At the center of China’s brand of innovation is Shenzhen, with its acres of soulless manufacturing facilities – lacking all the glitz of shiny Shanghai or the gravitas of well-heeled Beijing.
To support his argument, Breznitz notes that the Chinese companies most feared by global competitors -– Huawei, ZTE and Tencent, China’s leading Internet portal and content provider -- are all based in and around Shenzhen. Despite the recent hoopla over Huawei’s ties to the People’ Liberation Army, Brenznitz notes that Beijing did not bestow the title of “telecommunications national champion” on Huawei as it did to state-owned enterprises like Datang.
Furthermore, when all the IT centers of Guangdong province are combined, the region outpaces Beijing (5 percent) and Shanghai (8.1 percent) in the percentage of Chinese patents issued, Breznitz discovered. The region accounts for no less than 18.7 percent of all patents issued.

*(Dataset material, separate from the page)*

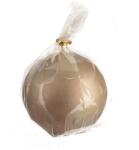 Indecor Lumânare decorativă mată tip bilă, culoare șampanie, 8 cm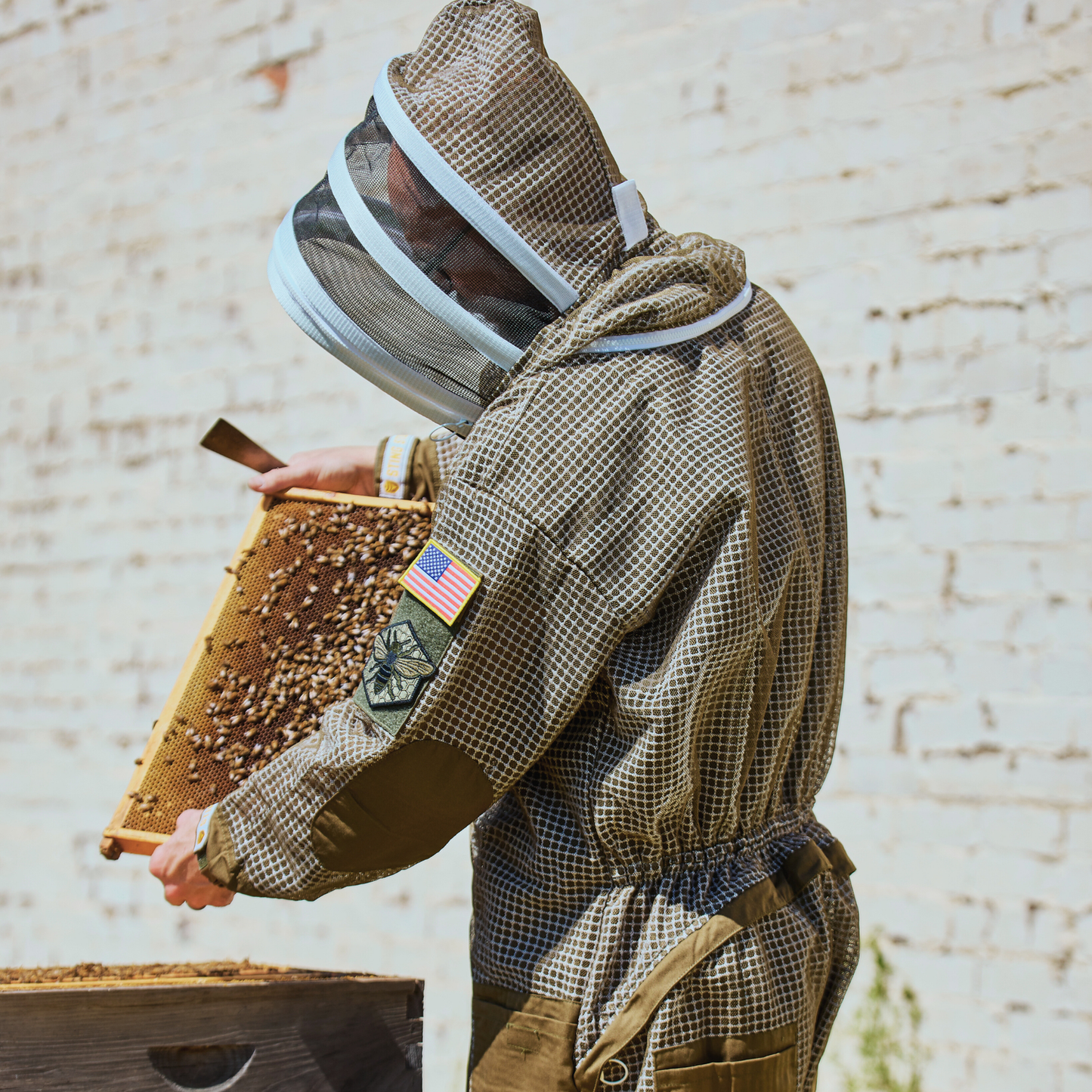 Professional Triple Layer Ventilated Full Beekeeping Suit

As told to Breznitz by a regional official, here is one of the most concise descriptions I’ve ever read on the nature of Chinese technology innovation:
We think of innovation as something China didn’t have before, something we can now conceive and do. Let me give you an example. Take this teacup. The first people who made this type of teacup made of lot of money. The people followed and began making the cup as well. Then more people began to make this cup. What happened? The cup was overproduced and was worth less money. When products come out and make a lot of money and everyone wants to follow, we the government encourage them to innovate around the idea instead of just following others. Even if you want to make cups, you can make a smaller cup. This is innovation.
It would serve us well in the West to forget most of what we think we know about China and its innovation drive and begin a reevaluation by reading Dan Breznitz’s remarkable book.